I've also done the deep diggin' into what cameras are being used, which lens the photos are taken with, the f-stop they're shot at and what kind of film is recording it all. While these are all great things to know technically they really can't help you produce better pictures any more than knowing what kind of guitar Sigur Ros uses to create such mesmerizing music. The most perfect guitar in the world couldn't make me play like them and in the same vain the best photographic equipment won't a better photographer make.
So what is it? What's that super-duper-alla-kazaam of a something that makes a photo so great? Simply - it's knowing what to look for.
If you think about the following guidelines in relation to the above picture it may help you visualise what I'm talkin' 'bout. Now...without further hesitation I give you my three basic guidelines on what to look for in order to enhance your photographic eye and use that to make compelling pictures...
1. A good photograph has a theme. It's about someone or something. It may even tell a story about that subject but the main point is that the subject is clear and unambiguous. So going into your shot you should know what you want the theme of it to be and this should be easily distinguishable to your viewers as well. To take it one step further, good photos most often represent a universal theme - one that everyone can relate to.
2. A good photograph focuses attention. Ask yourself how you can draw your viewers eye to the subject of your photo. This is often done by having one major subject of interest, one thing that really stands out. In order to have really focused attention you may have to get in closer to an object, gain eye contact with a person, compose the subject so they stand out within the frame of your viewfinder. There are many ways to do this - but thinking about the focus is half the battle. If you're aware of drawing attention to the subject, you'll likely be doing it.

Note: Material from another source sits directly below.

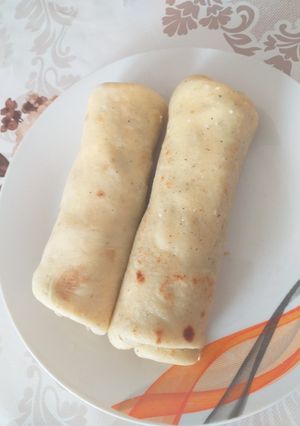 O poză a rețetei Clătite cu cremă cu brânză, somon și frunze de salată.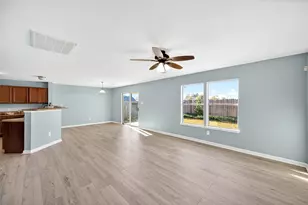1010 Larks Trace Ln, Houston, TX 77090 - Photo 10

3. A good photograph simplifies. In order to do this you really just need to ask yourself if you have included only that which draws attention to the subject. In other words, have you eliminated everything that is non-essential or distracting? Have you zeroed-in on the key element in the scene? This doesn't mean that you have to cut out all backgrounds, just be sure that the surroundings contribute to the story-telling aspect of your shot and that they add an element of understanding rather than draw viewers away from your subject.
There you have it folks. Now when you sell that one shot and make millions I want a cut! heh.